Excerpted records:
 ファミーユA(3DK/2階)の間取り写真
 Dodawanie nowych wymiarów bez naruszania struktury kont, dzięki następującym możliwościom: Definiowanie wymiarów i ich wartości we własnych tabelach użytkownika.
---
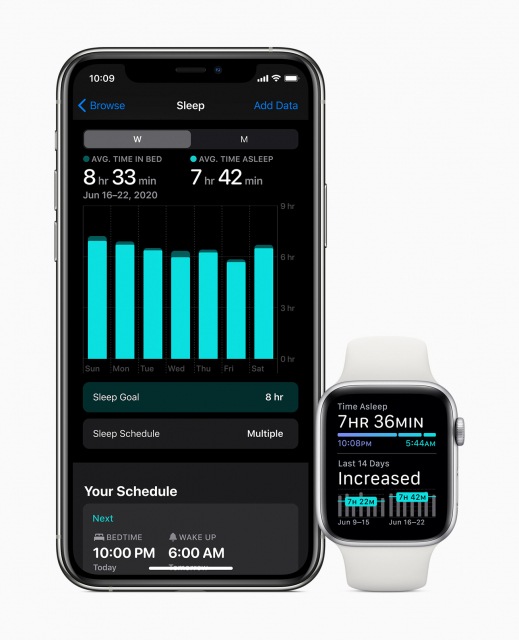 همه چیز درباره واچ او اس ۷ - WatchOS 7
* * *
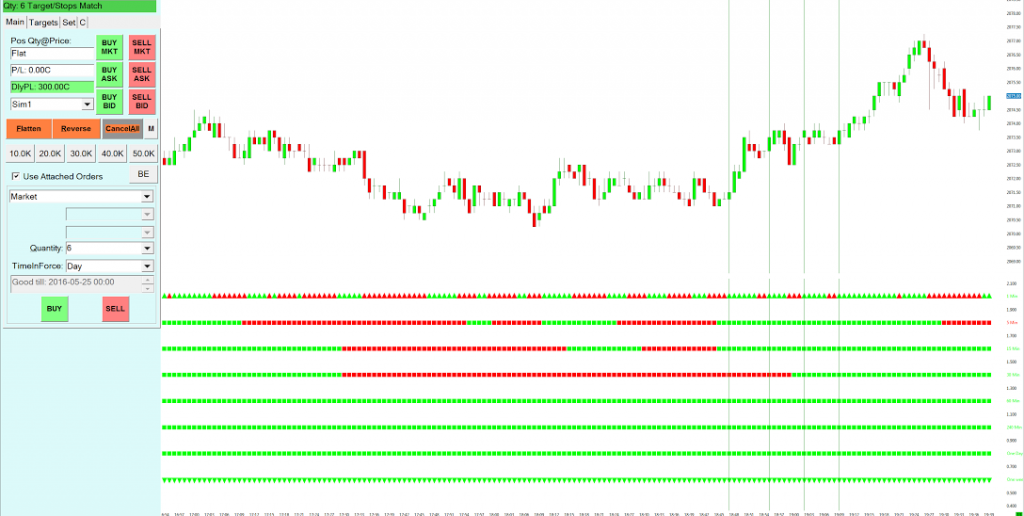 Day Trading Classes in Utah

Work to complete:
Retype the entries above exactly, but only from the line containing "ファミーユA(3DK/2階)の間取り写真" through the line containing "Dodawanie nowych wymiarów", both included.

Task solution:
 ファミーユA(3DK/2階)の間取り写真
 Dodawanie nowych wymiarów bez naruszania struktury kont, dzięki następującym możliwościom: Definiowanie wymiarów i ich wartości we własnych tabelach użytkownika.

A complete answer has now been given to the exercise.